Consider the following situation. From a source there are multiple observations available for different observation times. The observations are performed by different instruments so you expect some deviations between the data sets although they were taken at the same time. But you are sure that the difference in the data is only a normalization factor so the simultaneous taken data should have the same shape.

Lets further assume that all the spectra are sufficiently described by a power law plus additional emission line profiles. Taking the approach from above, i.e., tying parameters together one would define the fit function as

fit_fun("powerlaw(Isis_Active_Dataset)+gauss(Isis_Active_Dataset)");

Isis_Active_Dataset is a global variable defined by ISIS and corresponds to the currently handled data set id. This works as the function is called for every data set individually. Hence, each data set has a function assigned with a different function id corresponding to the data set id.

Lets say you have from three different observation times two observations from different instruments. In this case you would assume that (except normalization) the power law parameters are the same for each of the observation pairs as well as the line parameters. But the parameter may differ between different observation times. To change the model accordingly you would add the normlaization

fit_fun("constant(Isis_Active_Dataset)*(powerlaw(Isis_Active_Dataset)+gauss(Isis_Active_Dataset))");

for each data set and tie all the parameters that should be equal together. For this moderately simple example this would not be a tremendous problem and fitting could be done as usual. The problem gets more cumbersome if we add more observations from different observation times. In other words, this does not scale very well.

Reducing the number of available parameters

With each additional data set we add to your initial collection your model gets an additional number of parameters which might be completely worthless if they are only tied to already existing once. Also, with more and more parameters that have to be tied another your function is increasingly error-prone.

In the next step we will try to reduce the number of available parameters by reducing the number of functions that are used. For this we exploit the fact that the string that is passed to the fit_fun call is not much more than an elaborate slang eval call. To illustrate this just type in

fit_fun("constant(1, print(\\"Hello there, I'm a message from the guts of ISIS!\\")");

and you will be greeted by the just typed in message. Why is that? Well, because to setup the parameters the string is evaluated for each data set once[1]. But his also means we can use anything that is a valid slang object inside this string and it will, well, work. Just printing out things is not necessarily the best thing we can do here. To get back to the original problem we just have to find a way to replace Isis_Active_Dataset by something which gives us a number that corresponds to the different data set collections which were taken at the same time.

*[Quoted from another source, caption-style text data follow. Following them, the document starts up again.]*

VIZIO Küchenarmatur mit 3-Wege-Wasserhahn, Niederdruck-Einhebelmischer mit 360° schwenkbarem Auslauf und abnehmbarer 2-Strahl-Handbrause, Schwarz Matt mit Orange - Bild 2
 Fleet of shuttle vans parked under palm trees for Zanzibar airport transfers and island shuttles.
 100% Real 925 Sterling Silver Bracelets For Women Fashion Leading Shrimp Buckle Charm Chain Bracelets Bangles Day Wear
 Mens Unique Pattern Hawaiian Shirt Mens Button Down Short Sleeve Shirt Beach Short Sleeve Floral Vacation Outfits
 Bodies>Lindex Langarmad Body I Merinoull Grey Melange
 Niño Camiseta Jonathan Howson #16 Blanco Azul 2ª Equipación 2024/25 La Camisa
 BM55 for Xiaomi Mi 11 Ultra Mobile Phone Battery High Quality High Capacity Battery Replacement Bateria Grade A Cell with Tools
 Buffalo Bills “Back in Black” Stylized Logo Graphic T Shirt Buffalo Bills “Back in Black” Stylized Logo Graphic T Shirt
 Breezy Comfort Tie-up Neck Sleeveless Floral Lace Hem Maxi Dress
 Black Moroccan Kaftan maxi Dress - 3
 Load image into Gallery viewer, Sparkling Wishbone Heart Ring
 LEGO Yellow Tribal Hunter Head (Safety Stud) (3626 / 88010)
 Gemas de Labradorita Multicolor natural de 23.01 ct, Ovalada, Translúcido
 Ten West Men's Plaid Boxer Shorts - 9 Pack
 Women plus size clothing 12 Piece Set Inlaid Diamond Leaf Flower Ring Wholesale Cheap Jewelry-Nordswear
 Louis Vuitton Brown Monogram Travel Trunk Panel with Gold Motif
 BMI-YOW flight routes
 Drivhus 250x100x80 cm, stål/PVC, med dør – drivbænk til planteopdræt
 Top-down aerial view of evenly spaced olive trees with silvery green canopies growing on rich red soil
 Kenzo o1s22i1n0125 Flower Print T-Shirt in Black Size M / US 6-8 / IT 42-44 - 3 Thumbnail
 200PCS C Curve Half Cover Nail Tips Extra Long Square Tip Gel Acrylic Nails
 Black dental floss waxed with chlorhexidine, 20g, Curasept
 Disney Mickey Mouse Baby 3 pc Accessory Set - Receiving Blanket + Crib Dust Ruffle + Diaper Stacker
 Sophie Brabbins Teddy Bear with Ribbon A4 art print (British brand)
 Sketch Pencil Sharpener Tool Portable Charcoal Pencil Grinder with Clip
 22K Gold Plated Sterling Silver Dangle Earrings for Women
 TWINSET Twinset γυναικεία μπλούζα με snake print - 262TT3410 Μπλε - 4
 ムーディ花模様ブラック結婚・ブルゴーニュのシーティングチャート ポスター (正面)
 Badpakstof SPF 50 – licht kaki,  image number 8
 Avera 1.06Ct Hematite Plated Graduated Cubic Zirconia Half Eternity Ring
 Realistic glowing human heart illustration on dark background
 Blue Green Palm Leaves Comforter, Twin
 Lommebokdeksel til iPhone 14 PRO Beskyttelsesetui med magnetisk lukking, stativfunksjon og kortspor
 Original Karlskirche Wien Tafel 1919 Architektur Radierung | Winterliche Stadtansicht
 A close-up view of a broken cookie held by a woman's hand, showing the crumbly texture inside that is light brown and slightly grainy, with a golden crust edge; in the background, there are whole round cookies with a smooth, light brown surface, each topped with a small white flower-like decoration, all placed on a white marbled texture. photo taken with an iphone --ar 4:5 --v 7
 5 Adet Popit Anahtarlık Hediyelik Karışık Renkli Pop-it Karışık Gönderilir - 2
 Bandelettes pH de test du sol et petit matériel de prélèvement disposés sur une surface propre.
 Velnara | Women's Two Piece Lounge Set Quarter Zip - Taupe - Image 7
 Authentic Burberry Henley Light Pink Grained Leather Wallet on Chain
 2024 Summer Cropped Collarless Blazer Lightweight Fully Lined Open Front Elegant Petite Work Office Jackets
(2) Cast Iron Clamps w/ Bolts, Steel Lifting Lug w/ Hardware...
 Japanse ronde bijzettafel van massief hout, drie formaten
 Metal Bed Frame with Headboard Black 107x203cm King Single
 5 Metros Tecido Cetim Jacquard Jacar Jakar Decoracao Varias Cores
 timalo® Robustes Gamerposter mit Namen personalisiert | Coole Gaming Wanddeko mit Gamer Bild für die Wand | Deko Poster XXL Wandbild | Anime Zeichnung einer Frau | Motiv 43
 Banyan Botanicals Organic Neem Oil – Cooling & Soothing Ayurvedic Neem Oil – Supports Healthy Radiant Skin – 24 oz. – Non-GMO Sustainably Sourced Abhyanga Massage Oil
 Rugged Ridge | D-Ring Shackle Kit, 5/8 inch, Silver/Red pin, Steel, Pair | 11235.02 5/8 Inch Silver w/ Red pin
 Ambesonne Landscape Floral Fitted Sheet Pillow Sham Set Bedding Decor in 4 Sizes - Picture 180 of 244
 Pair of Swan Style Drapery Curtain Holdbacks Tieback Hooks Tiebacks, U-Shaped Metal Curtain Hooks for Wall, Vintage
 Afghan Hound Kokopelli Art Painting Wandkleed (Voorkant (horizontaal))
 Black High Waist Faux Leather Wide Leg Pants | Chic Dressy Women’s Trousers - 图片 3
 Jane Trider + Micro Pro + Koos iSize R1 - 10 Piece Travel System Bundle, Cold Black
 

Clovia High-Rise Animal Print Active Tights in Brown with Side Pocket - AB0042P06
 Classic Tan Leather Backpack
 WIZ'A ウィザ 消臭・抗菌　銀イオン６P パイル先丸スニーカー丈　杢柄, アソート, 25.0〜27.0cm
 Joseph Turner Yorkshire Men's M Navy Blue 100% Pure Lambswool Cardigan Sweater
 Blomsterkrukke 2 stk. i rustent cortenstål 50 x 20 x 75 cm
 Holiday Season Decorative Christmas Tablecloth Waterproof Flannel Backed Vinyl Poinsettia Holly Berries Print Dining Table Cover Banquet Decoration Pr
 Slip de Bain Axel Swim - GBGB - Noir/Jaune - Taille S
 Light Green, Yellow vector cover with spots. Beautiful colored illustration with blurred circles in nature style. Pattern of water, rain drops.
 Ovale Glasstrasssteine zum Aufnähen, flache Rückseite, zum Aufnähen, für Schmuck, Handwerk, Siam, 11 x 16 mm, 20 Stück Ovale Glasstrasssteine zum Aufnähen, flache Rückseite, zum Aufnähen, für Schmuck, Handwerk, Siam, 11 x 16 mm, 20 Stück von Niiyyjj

A very simple way of doing this is by appending to each data set an identifier, i.e., the time at which the data was recorded to the meta data. This can be done by

set_dataset_metadata(id, timestamp);

(see [[]]) where id is the data set id and timestamp the time the data was taken. Now we can define a function like this one

variable TIME_REF = { [time1_lo, time1_hi], [time2_lo, time2_hi], [time3_lo, time3_hi] };

public define Active_Set () {
    variable md = get_dataset_metadata(Isis_Active_Dataset);
    variable i;
    _for i (0, length(TIME_REF)-1, 1) {
        if (TIME_REF[i][0]<= md && TIME_REF[i][1] >= md)
            return i + 1; % add 1 so we have no function with "0"
    }
}

Note that the function has to be declared as public since the fit_fun string evaluation happens in a separated namespace. Further note that we used the variable TIME_REF to look up a unique number corresponding to each time bin.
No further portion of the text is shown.